What you need to do: Repeat word for word the opening stretch of the entries, from the first line through the line containing "2106 Dunmore Avenue, Burlington, Ontario".

Data to examine:
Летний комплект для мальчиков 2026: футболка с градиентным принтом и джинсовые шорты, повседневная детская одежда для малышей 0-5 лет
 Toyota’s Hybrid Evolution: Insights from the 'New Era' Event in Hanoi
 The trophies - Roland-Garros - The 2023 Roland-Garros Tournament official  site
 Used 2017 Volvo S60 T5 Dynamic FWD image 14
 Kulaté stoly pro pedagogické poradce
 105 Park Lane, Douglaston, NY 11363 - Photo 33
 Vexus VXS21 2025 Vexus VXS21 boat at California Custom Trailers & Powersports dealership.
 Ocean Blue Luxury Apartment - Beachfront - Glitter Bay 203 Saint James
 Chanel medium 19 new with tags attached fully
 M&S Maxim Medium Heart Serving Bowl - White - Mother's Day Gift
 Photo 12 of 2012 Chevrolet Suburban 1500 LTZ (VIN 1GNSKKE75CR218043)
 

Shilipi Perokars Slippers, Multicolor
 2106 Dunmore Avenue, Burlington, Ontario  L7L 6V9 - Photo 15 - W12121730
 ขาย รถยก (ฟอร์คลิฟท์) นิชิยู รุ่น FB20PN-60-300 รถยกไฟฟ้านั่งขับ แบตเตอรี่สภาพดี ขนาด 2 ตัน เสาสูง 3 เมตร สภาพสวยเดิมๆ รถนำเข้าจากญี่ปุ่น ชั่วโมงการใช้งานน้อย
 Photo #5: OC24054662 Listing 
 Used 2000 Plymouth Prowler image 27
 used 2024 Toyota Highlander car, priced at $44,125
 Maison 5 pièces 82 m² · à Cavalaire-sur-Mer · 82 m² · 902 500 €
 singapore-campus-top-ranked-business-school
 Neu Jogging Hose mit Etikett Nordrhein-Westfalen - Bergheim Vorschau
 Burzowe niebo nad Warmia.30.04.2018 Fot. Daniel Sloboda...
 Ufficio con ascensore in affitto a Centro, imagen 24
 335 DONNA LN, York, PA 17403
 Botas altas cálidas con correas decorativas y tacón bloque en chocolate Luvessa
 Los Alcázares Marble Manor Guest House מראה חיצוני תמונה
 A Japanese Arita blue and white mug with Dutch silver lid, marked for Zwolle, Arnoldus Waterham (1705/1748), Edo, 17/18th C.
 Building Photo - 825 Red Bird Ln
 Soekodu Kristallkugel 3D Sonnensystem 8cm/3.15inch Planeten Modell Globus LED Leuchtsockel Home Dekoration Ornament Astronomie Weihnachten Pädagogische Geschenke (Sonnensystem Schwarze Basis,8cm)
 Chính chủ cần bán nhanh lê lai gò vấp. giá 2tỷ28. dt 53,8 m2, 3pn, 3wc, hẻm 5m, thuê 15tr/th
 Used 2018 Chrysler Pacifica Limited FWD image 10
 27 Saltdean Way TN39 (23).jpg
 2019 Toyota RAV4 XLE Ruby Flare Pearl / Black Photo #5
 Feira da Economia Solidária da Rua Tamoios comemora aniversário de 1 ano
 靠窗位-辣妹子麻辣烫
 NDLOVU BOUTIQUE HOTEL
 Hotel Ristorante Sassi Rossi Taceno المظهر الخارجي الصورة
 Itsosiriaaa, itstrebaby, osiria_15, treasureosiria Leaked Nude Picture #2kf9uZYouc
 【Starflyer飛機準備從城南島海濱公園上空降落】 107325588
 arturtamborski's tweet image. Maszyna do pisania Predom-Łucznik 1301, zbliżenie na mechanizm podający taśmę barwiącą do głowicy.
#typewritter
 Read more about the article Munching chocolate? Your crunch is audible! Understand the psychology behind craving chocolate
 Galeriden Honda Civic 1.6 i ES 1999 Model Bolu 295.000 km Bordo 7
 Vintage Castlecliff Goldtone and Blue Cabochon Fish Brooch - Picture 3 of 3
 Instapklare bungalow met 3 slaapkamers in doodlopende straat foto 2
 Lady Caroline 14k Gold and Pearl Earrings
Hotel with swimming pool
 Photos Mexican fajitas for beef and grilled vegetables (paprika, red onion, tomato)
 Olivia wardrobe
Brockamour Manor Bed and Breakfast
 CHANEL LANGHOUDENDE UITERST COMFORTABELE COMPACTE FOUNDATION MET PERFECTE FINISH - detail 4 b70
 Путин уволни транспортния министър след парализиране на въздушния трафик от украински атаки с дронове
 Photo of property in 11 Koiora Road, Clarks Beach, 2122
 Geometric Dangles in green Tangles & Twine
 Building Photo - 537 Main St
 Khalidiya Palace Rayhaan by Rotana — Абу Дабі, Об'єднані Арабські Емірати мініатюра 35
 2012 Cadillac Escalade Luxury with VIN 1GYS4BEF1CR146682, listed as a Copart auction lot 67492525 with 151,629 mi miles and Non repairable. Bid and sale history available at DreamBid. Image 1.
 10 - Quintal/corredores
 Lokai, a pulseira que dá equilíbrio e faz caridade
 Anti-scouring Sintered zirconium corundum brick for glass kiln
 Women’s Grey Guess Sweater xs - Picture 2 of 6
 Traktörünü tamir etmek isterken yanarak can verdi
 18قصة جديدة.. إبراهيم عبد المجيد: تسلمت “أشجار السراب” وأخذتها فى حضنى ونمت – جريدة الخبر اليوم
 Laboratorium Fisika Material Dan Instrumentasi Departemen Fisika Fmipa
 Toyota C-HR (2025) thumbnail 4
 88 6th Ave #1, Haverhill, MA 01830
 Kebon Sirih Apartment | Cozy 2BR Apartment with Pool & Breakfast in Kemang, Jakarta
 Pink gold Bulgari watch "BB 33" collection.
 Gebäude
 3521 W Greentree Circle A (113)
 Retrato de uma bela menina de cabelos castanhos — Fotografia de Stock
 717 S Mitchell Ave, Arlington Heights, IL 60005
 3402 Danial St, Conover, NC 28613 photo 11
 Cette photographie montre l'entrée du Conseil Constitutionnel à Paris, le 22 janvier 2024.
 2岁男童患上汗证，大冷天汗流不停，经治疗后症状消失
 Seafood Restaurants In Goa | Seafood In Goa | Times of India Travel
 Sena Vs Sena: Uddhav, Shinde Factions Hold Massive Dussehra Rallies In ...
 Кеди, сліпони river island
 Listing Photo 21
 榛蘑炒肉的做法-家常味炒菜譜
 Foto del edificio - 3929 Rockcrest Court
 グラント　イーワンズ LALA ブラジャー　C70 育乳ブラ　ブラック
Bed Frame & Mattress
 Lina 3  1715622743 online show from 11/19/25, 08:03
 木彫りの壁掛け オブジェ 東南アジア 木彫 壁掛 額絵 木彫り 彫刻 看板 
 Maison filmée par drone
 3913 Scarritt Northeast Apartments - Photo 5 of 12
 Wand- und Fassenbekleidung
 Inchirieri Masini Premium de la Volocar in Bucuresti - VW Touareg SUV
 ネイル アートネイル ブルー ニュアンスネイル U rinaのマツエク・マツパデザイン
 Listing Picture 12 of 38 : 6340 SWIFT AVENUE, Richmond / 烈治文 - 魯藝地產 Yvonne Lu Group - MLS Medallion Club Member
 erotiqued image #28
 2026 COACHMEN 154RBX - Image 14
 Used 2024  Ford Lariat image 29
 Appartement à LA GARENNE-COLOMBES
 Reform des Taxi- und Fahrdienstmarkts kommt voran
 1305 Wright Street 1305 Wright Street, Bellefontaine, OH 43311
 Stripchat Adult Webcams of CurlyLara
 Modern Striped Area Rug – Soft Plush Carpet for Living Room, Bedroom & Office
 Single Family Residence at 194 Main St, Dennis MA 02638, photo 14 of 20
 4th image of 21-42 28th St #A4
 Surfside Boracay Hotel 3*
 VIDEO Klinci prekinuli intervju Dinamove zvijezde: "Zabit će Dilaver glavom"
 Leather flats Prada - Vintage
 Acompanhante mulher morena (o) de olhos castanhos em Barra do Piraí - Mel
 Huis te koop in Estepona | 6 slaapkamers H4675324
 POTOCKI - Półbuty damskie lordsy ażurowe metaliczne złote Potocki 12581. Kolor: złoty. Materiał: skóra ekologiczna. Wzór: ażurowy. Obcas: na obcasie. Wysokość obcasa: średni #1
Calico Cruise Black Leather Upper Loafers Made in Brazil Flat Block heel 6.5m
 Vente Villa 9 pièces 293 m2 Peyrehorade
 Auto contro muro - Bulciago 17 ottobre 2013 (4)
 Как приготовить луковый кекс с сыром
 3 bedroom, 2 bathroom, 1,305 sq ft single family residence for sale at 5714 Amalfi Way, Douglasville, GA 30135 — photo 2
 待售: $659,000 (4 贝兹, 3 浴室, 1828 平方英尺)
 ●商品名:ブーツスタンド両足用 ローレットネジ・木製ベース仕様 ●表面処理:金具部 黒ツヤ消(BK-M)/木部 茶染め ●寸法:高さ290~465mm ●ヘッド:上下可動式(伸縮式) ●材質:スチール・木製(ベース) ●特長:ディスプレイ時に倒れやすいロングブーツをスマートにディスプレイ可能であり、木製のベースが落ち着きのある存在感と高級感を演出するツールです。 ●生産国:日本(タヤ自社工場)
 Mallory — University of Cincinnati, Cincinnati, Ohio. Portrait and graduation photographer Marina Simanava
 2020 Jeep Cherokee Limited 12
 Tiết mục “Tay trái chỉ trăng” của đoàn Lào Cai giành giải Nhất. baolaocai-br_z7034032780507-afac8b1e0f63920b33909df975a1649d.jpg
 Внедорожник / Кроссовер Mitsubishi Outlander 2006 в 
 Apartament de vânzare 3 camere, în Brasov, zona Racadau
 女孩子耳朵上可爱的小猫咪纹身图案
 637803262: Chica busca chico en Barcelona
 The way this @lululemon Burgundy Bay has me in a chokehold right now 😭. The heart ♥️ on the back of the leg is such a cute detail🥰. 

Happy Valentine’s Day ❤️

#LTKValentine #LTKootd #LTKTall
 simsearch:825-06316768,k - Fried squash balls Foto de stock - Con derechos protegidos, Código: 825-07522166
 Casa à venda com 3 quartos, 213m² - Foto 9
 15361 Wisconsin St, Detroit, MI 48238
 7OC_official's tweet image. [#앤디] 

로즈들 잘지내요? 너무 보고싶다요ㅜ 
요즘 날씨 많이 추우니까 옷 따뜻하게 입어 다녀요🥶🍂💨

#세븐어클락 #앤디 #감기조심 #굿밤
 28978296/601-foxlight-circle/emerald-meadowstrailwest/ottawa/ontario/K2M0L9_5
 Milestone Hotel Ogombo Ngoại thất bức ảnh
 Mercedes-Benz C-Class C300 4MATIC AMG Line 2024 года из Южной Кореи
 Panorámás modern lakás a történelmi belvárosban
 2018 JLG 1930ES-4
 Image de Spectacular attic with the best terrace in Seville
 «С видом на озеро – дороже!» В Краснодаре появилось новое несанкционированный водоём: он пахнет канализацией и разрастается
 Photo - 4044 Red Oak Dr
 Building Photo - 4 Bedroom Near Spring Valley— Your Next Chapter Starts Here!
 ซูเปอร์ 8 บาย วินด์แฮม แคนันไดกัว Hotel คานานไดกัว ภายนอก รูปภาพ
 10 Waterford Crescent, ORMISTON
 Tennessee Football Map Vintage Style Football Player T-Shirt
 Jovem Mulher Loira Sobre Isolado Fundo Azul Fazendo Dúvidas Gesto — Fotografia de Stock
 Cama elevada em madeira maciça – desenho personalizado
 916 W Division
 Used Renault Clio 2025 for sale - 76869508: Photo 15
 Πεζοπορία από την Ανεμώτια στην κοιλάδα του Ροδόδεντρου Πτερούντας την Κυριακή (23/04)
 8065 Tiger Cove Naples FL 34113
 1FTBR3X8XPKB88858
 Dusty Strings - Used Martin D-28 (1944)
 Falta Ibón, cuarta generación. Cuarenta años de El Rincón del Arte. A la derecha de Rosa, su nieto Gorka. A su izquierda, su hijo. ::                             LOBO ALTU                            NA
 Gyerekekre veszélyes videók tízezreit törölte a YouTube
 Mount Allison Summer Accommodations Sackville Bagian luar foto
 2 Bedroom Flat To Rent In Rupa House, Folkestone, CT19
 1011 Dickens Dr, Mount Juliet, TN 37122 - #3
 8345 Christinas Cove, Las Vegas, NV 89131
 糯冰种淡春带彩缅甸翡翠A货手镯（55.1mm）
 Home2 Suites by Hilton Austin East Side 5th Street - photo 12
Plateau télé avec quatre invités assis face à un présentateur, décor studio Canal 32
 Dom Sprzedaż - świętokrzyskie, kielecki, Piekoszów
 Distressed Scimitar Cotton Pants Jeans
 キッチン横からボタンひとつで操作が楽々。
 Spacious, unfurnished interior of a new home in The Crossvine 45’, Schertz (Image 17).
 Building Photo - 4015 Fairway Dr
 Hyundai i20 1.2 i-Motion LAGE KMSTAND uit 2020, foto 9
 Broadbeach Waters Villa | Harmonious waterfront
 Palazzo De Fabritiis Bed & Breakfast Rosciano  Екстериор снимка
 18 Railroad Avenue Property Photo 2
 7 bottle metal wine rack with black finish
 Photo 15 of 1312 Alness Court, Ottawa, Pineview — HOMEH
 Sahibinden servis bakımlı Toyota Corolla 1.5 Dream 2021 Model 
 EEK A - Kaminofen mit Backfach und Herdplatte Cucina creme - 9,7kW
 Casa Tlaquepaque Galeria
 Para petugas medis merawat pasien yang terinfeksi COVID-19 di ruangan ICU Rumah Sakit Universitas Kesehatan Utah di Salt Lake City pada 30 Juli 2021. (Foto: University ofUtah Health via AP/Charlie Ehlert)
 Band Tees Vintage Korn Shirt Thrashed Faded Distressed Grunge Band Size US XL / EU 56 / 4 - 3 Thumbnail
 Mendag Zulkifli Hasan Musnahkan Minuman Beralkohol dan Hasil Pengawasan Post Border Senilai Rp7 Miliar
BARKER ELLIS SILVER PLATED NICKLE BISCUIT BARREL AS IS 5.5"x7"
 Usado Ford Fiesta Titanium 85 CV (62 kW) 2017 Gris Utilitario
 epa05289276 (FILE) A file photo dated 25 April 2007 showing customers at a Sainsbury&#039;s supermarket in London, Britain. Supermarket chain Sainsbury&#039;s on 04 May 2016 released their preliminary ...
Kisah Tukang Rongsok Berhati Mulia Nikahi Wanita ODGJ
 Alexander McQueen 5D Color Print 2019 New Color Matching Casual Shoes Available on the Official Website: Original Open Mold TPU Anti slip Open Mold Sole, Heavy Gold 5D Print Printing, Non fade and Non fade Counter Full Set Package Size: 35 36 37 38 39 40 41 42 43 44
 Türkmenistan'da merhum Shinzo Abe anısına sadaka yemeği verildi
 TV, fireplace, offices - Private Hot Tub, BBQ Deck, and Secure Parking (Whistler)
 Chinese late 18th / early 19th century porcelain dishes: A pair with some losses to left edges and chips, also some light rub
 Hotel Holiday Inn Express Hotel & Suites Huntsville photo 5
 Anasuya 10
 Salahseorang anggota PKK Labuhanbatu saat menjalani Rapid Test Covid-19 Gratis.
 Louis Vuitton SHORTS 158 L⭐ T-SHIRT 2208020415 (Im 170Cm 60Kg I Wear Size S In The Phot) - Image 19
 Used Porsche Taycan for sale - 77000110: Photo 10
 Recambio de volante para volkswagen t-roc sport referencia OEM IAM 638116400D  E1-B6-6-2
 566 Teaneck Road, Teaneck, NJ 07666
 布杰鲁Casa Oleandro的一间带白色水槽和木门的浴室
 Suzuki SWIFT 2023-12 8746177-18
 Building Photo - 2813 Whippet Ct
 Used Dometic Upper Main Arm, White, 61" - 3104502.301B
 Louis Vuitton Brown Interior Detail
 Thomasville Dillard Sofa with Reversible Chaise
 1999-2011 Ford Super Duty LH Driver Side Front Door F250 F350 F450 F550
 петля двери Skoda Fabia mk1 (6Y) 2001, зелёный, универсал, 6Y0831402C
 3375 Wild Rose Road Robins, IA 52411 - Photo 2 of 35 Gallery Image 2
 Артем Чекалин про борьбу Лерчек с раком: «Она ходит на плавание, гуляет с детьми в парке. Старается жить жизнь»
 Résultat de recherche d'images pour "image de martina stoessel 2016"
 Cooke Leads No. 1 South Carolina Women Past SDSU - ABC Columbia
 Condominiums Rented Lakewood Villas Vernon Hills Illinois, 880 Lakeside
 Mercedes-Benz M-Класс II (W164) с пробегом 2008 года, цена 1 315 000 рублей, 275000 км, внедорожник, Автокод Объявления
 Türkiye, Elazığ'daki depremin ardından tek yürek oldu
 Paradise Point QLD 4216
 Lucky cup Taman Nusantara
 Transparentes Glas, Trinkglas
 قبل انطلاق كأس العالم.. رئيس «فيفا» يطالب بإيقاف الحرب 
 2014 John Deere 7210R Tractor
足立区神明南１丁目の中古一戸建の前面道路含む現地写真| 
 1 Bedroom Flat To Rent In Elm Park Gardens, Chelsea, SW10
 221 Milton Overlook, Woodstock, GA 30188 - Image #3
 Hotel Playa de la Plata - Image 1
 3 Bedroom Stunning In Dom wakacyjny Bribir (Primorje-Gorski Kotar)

Expected answer:
Летний комплект для мальчиков 2026: футболка с градиентным принтом и джинсовые шорты, повседневная детская одежда для малышей 0-5 лет
 Toyota’s Hybrid Evolution: Insights from the 'New Era' Event in Hanoi
 The trophies - Roland-Garros - The 2023 Roland-Garros Tournament official  site
 Used 2017 Volvo S60 T5 Dynamic FWD image 14
 Kulaté stoly pro pedagogické poradce
 105 Park Lane, Douglaston, NY 11363 - Photo 33
 Vexus VXS21 2025 Vexus VXS21 boat at California Custom Trailers & Powersports dealership.
 Ocean Blue Luxury Apartment - Beachfront - Glitter Bay 203 Saint James
 Chanel medium 19 new with tags attached fully
 M&S Maxim Medium Heart Serving Bowl - White - Mother's Day Gift
 Photo 12 of 2012 Chevrolet Suburban 1500 LTZ (VIN 1GNSKKE75CR218043)
 

Shilipi Perokars Slippers, Multicolor
 2106 Dunmore Avenue, Burlington, Ontario  L7L 6V9 - Photo 15 - W12121730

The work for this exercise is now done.